These remarks, are the more noteworthy, because Mr. McLean, is now supposed, by persons of high position in New Zealand, to be labouring with the Governor and Native Minister, "to make it appear that the claims of tribal right, and the right of the hapu, rest only on the 'strong arm,'" (Fox's War in New Zealand, p. 27; see also above, p. 4.)

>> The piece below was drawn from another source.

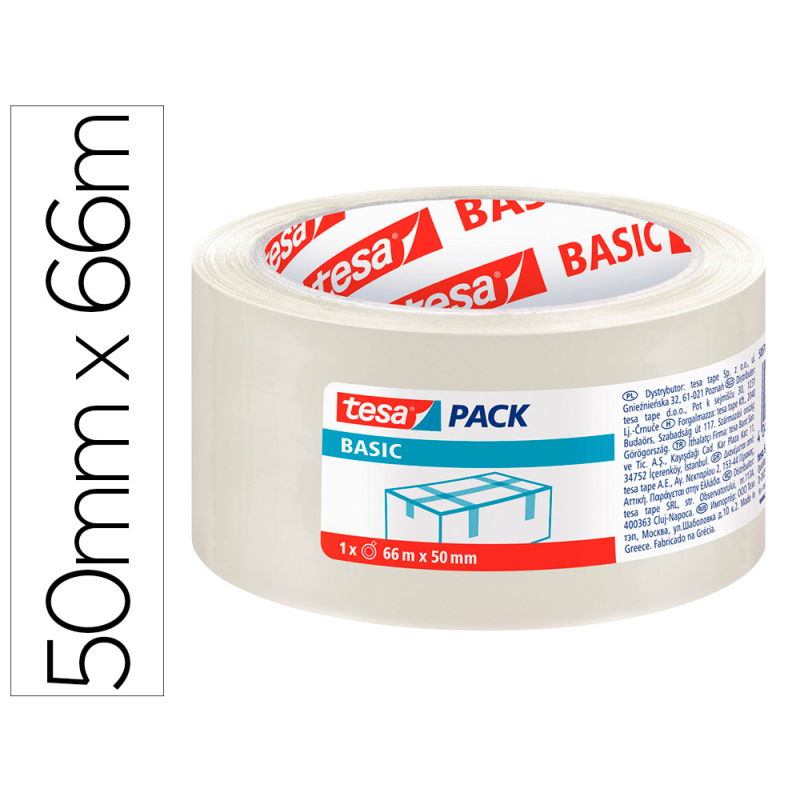Cinta adhesiva tesa transparente basic 66 mt x 50 mm para embalaje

The Constitution Act (15 & 16 Vict., cap. lxxii) provides only for the purchase "from the Aboriginal Natives" of "land of or belonging to, or used or occupied by them in common as Tribes or Communities," (sect. 73) and the preamble of the Bill which passed the House of Lords, but was withdrawn on the motion for its second reading in the House of Commons in 1860, recites as a reason for further legislation, that in the above Act "no provision is made in respect of land belonging to any of the said Aboriginal Natives, otherwise than as Tribes or Communities."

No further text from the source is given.